** Brief **
In full and without change, return each entry.

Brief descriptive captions
● ● ● ● ●

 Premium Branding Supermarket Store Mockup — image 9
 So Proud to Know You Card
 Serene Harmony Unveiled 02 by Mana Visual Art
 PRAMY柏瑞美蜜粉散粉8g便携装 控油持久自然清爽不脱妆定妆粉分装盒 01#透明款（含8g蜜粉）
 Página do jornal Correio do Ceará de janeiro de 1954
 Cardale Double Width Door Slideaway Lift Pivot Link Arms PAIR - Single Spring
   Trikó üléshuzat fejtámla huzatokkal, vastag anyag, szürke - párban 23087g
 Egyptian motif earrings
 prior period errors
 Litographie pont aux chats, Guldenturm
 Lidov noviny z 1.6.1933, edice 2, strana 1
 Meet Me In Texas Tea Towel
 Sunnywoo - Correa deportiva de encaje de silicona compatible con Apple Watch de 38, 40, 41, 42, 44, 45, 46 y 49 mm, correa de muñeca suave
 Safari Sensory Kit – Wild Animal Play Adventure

● ● ● ● ●

** Result for this task **
 Premium Branding Supermarket Store Mockup — image 9
 So Proud to Know You Card
 Serene Harmony Unveiled 02 by Mana Visual Art
 PRAMY柏瑞美蜜粉散粉8g便携装 控油持久自然清爽不脱妆定妆粉分装盒 01#透明款（含8g蜜粉）
 Página do jornal Correio do Ceará de janeiro de 1954
 Cardale Double Width Door Slideaway Lift Pivot Link Arms PAIR - Single Spring
   Trikó üléshuzat fejtámla huzatokkal, vastag anyag, szürke - párban 23087g
 Egyptian motif earrings
 prior period errors
 Litographie pont aux chats, Guldenturm
 Lidov noviny z 1.6.1933, edice 2, strana 1
 Meet Me In Texas Tea Towel
 Sunnywoo - Correa deportiva de encaje de silicona compatible con Apple Watch de 38, 40, 41, 42, 44, 45, 46 y 49 mm, correa de muñeca suave
 Safari Sensory Kit – Wild Animal Play Adventure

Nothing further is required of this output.